Bok Choy in my garden. The reality, weeds and all. :-)
I should have harvested this a bit sooner - although I'm using it now and it's still fine, it's apparently better when it is younger, and smaller. This is a QUICK crop - and it likes cool weather - doing best in early spring and late fall.
Use Bok Choy in: Salads, as greens in your sandwiches, in omelets, soups, and stir frys.
Bok Choy sautéed with peppers, onions, and mushrooms. I added some halved cherry tomatoes and put this in an omelet - I love how bright green the bok choy stays when sauteed.
This year one of the greenhouses I stopped at had bok choy on clearance. So now I have a row of bok choy in my garden.. and no idea how to care for it, harvest it, nor cook it. :-) This morning it appears to be pretty close to "ready", so I thought I should do some research. Turns out, I waited a bit too long. I can still use this, but I should have harvested at least some of it a lot sooner!
WHEN TO HARVEST:
Harvest early. Before the hot weather sets in, because high temperatures will make it go to seed very fast.According to the farmers almanac, "Waiting too long to harvest is a common mistake. Start harvesting your bok choy when the plants are 12-15 inches tall. If you want baby bok choy, begin when they are smaller. Store harvested plants in a cool, dark place for up to a week... Baby bok choy can be harvested as soon as 30 days after planting, while others are left to grow to maturity. Some varieties will grow for 60-70 days in cool weather before reaching peak size.

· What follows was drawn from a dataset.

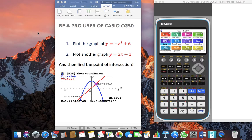I'll use the KCCG50 to plot these graphs and find out the point of intersection. The equations are y equals negative x squared plus 6, and the second is a straight line equation y equals 2x plus 1.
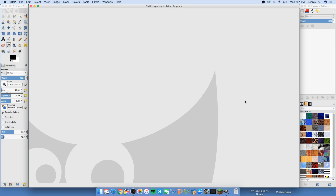Hey guys, it's Fortune 3 and today I'm gonna be showing you how I make my thumbnails for my YouTube channel. I'm gonna be using a program called GIMP — that's G-I-M-P — as you can see up here in the top left corner. This is available for Mac OS X and Windows, so the download link will be in the description below.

Succession planting and harvesting of multiple-size plants can extend your bok choy harvest. With a bit of practice, you’ll enjoy fresh bok choy for many weeks every spring and fall. All above-ground parts are edible. Smaller plants are more tender. "
HOW TO HARVEST:
As soon as the leaves are nice and large, you can harvest just a few at a time, from the outside in, as needed.

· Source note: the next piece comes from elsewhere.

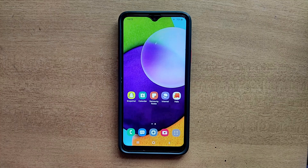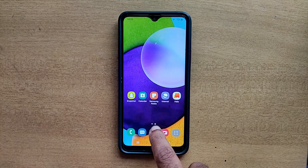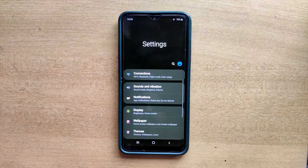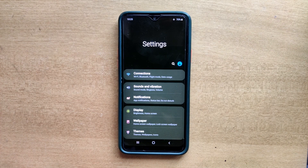Hello guys, welcome to ftopreview.com. In this video we are learning a very simple and quick tutorial of Samsung Galaxy Mobile. Open your settings application and please follow my steps to complete this tutorial.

To harvest the entire plant, use a sharp knife and trim an inch or two above the soil. Cut right above where their stalks begin to swell out from the plant base The remaining plant will likely sprout and grow a new, although smaller, bok choy.
PLANTING TIPS:
- Bok Choy does well in cooler temperatures, and not as well in hot humid conditions. It's a good spring and fall crop, in areas like mine. [Central Pa, Zone 6a]
- Bok choy likes a pH of around six to seven
- Plant in rich, loose soil. Plant the seeds 1/2 inch deep and 1 inch apart.
- If planting plants, Space them about eight inches apart from one another so there’s room to grow.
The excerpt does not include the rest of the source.